Glaciers in Chile are fading: the last defense
The research was led by Chilean Eduardo Muñoz-Castro along with scientists from Switzerland and Austria.
It evaluated how the glaciers of the Southern Andes responded to the megadrought affecting Chile since 2010, and the results project a critical outlook.
“The rise in temperatures in the scenarios projected for the century will lead to glaciers losing more mass than they gain,” explains Álvaro Ayala, from the Swiss Federal Institute for Forest, Snow and Landscape Research (WSL).
The civil engineer Chilean adds: “Steadily throughout the century, they will keep retreating.”

The massive loss of glacier volume
The study by WSL, the Institute of Science and Technology Austria (ISTA), and the Center for Advanced Studies in Arid Zones of Chile establishes alarming projections:
- The large glaciers of the southern Andes will lose between 50% and 80% of their current volume
- The water contribution during summer will be half of the current amount
- The small glaciers will have completely disappeared
“Once the water from the snow fallen in winter and the water stored underground is consumed, the glaciers are like the last reserve in nature,” highlights Ayala.
In particular, their contribution becomes critical at the end of summer, when mountain rivers in Chile reach their minimum flow.
A megadrought that no one predicted
The current water crisis in Chile took the scientific community by surprise.
“The Chilean megadrought was never forecasted in any climate model,” states Francesca Pellicciotti, environmental engineer at ISTA.

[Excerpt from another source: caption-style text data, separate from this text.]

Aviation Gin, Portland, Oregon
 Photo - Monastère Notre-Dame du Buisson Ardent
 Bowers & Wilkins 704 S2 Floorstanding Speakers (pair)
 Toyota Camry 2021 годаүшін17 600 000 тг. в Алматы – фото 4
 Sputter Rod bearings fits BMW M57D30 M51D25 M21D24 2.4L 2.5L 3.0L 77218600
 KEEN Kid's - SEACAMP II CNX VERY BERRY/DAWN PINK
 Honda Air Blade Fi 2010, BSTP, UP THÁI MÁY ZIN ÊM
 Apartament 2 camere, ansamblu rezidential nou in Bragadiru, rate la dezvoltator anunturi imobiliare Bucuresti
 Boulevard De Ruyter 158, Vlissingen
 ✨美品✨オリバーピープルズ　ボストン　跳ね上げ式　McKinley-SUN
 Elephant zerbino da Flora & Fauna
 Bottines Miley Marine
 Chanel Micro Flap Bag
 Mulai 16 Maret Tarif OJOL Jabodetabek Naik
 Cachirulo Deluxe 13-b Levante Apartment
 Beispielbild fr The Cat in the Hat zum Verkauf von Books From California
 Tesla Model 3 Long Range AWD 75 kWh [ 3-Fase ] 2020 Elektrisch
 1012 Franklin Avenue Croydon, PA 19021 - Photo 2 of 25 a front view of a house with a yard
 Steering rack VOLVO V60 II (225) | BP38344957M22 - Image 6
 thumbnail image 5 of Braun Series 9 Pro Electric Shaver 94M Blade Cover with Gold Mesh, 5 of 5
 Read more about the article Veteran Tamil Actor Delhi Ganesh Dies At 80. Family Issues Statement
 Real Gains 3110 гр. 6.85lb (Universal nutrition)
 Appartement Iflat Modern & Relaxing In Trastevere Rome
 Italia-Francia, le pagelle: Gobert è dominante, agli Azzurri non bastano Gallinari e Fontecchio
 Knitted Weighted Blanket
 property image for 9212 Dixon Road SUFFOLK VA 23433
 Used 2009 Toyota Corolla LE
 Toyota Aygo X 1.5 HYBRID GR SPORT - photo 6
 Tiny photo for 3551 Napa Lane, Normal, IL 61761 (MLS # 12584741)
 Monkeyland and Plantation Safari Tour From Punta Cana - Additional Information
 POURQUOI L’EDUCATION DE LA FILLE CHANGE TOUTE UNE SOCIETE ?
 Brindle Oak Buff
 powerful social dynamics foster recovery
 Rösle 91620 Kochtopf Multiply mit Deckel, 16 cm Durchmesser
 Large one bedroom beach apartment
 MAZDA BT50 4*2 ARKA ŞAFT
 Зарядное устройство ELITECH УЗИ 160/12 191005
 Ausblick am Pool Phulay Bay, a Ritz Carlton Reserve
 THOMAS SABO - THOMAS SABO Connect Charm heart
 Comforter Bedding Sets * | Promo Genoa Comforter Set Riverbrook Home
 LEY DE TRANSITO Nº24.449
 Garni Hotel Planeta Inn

Climatologists only realized the severity of the phenomenon in 2015, five years after its onset.
The country faces 15 continuous years of water scarcity, a situation exacerbated by the lack of sufficient saving or consumption management policies.

Desertification advances southward
Ayala recalls that previous studies already warned about a progressive desertification from the north to the south of Chile.
The projections indicate a decrease in precipitation and increase in temperatures that accelerate this process.
Between 2010 and 2019, the glacier flow remained practically unchanged compared to the previous decade.
However, if a new megadrought occurs at the end of the century, the annual and summer flow could decrease by up to 80% compared to levels prior to 2010.
“We found that the water contribution from the glaciers during the summer will be about half of what happened in recent years,” warns the hydrology expert.
Pellicciotti poses a crucial question: “Are we prepared for future climate disasters?”
The results project a weakening of the buffering role of the glaciers against precipitation deficits.
This will increase the water scarcity for ecosystems and livelihoods in the mountainous regions of South America by 2100.
The case of Chile now serves as a reference to analyze similar phenomena in Europe, particularly in the Alps.